**Prompt**
Below are records that hold pictures; write out only the lines from their start through the line with "Rumah Luxury Modern Siap Huni di Gading Serpong Tangerang Rumah", exactly, and drop the pictures.

Data for this task Start Marker

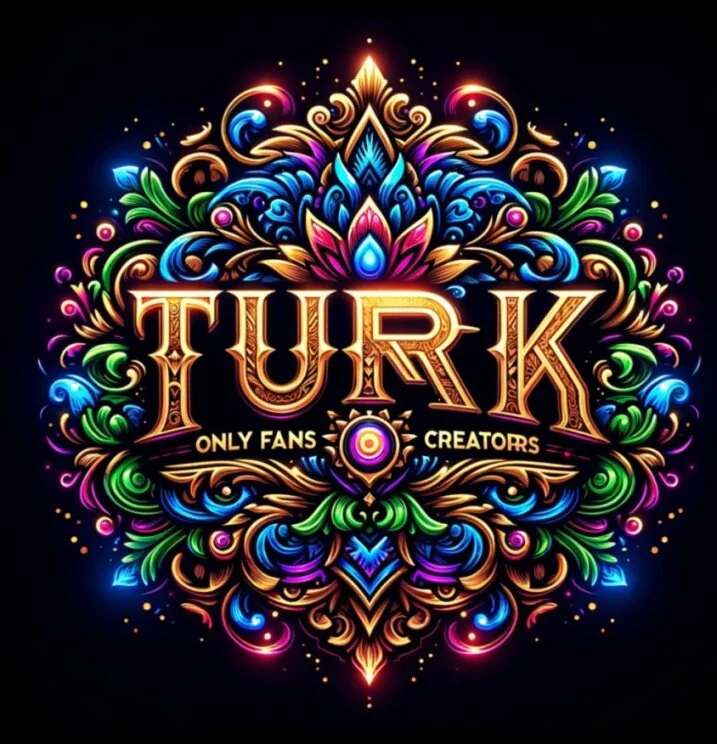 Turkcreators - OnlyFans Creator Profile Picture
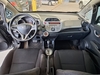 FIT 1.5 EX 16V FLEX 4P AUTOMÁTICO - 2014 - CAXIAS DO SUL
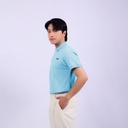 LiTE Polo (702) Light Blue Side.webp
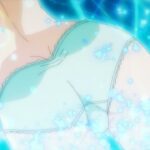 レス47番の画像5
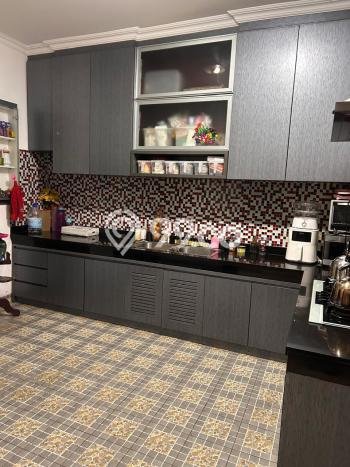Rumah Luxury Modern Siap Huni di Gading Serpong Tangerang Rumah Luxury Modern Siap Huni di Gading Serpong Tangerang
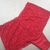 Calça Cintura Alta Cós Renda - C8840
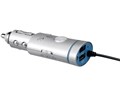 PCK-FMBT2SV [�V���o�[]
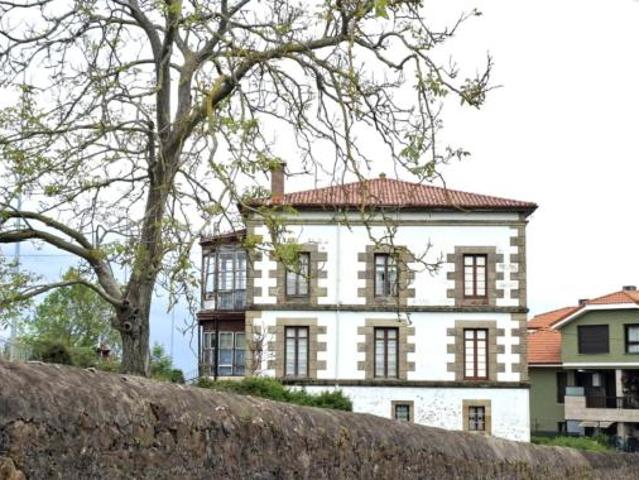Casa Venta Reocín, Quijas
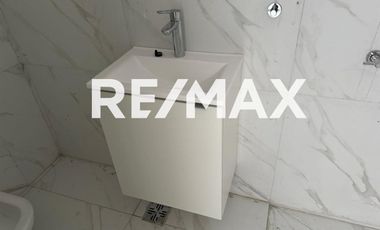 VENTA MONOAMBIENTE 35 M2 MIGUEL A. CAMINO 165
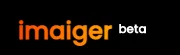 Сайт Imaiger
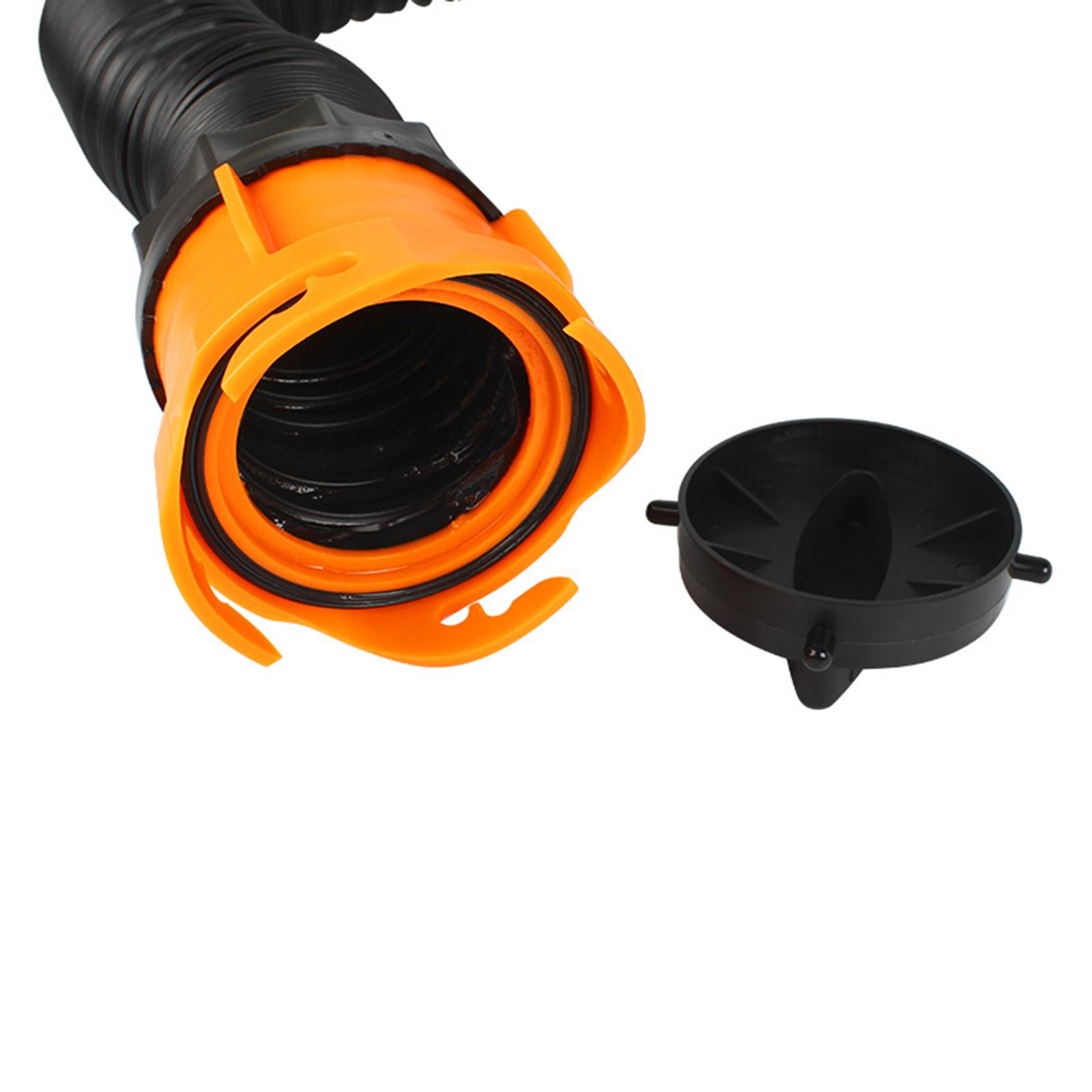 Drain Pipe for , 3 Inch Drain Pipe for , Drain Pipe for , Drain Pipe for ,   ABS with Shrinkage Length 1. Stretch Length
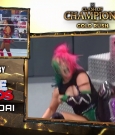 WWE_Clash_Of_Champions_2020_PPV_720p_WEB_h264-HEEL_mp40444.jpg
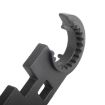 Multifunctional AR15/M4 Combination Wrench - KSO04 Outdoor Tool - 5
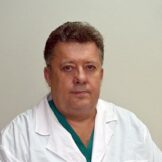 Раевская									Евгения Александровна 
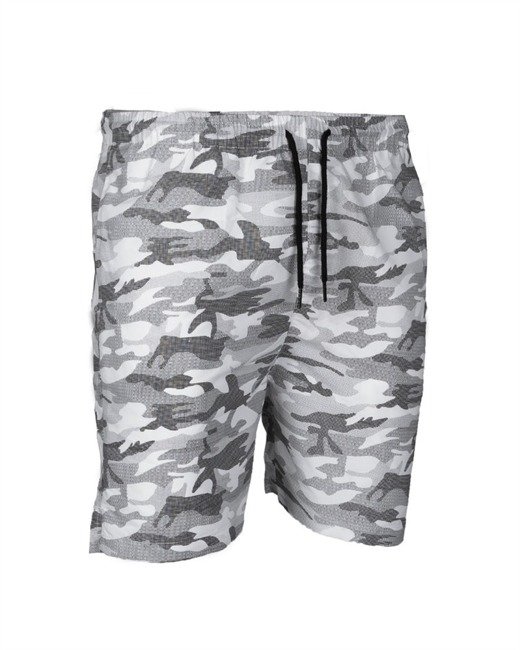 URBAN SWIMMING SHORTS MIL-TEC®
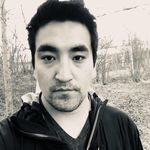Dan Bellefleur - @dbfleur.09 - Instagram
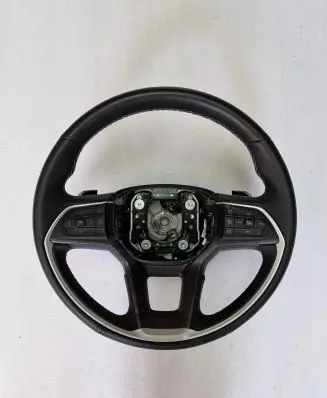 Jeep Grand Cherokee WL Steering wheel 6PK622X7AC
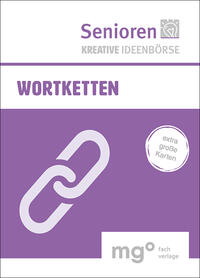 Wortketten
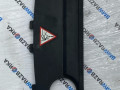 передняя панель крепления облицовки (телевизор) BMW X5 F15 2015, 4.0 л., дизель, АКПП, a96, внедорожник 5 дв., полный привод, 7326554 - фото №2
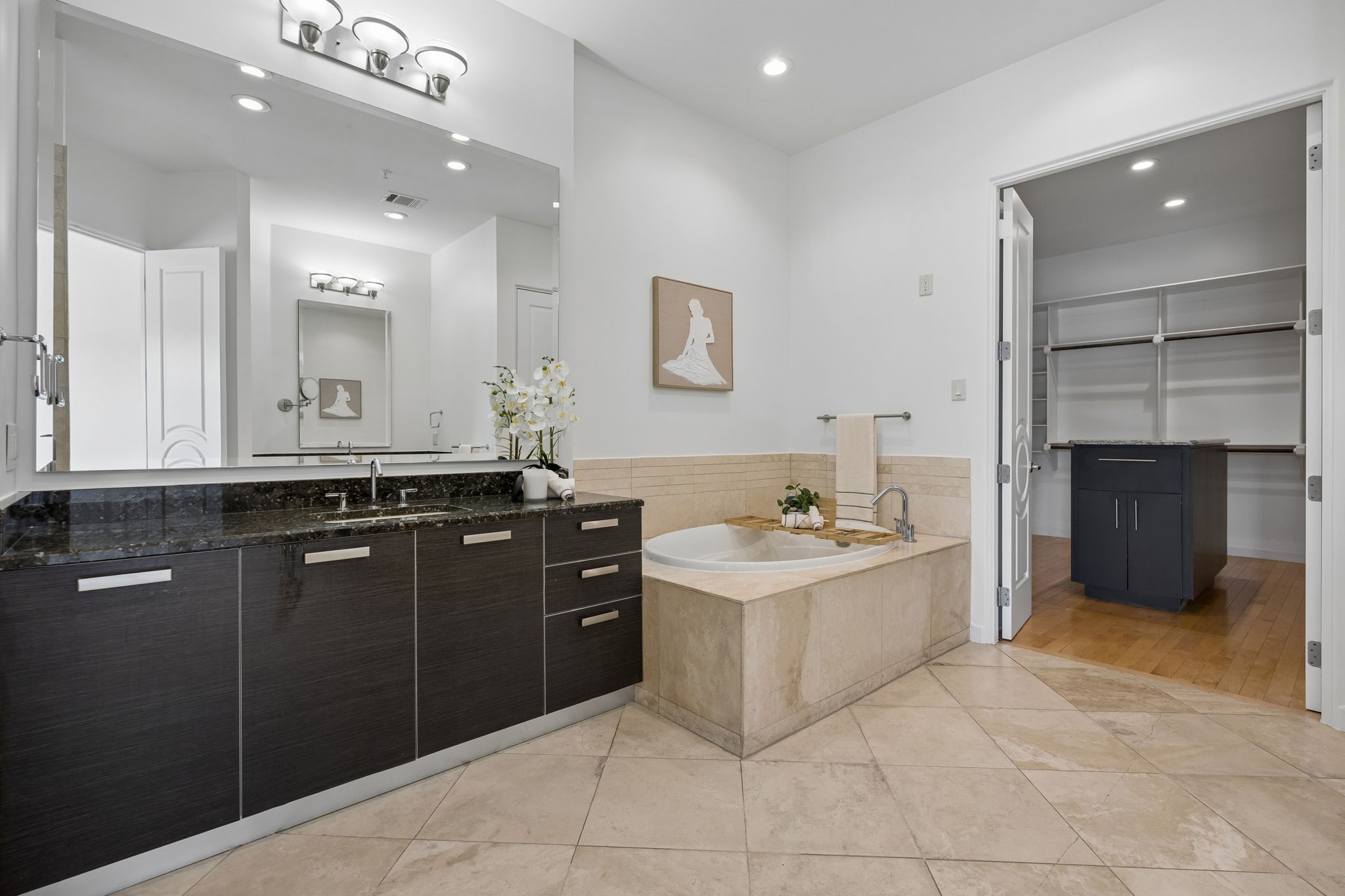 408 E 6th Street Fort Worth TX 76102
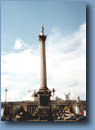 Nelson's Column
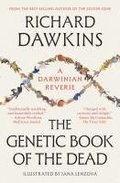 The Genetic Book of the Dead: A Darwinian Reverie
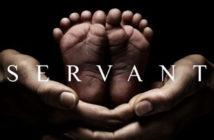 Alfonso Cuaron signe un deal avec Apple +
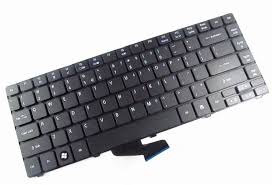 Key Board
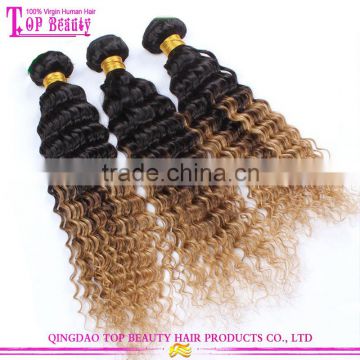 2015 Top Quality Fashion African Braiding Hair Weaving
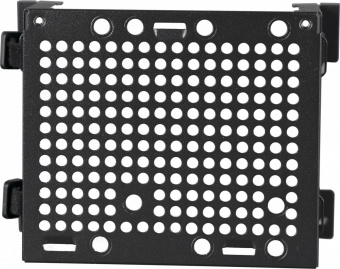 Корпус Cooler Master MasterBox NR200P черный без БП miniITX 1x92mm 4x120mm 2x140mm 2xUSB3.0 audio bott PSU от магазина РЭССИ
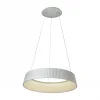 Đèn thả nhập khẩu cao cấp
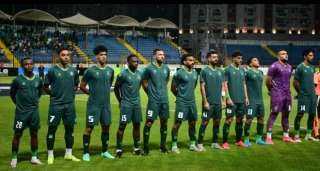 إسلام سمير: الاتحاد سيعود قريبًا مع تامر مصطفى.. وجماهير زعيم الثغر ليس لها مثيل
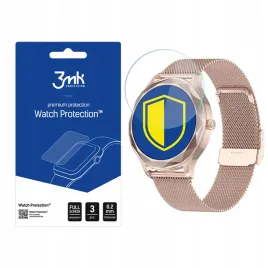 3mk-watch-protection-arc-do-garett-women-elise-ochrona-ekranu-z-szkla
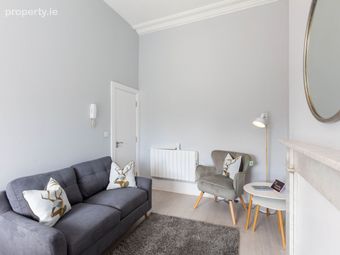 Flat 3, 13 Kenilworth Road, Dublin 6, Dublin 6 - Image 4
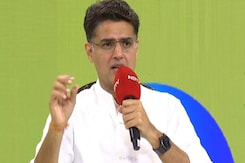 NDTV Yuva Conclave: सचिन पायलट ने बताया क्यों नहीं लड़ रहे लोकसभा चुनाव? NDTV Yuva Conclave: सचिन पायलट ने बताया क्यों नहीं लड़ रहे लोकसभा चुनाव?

Data for this task End Marker

**Task output**
 Turkcreators - OnlyFans Creator Profile Picture
 FIT 1.5 EX 16V FLEX 4P AUTOMÁTICO - 2014 - CAXIAS DO SUL
 LiTE Polo (702) Light Blue Side.webp
 レス47番の画像5
Rumah Luxury Modern Siap Huni di Gading Serpong Tangerang Rumah Luxury Modern Siap Huni di Gading Serpong Tangerang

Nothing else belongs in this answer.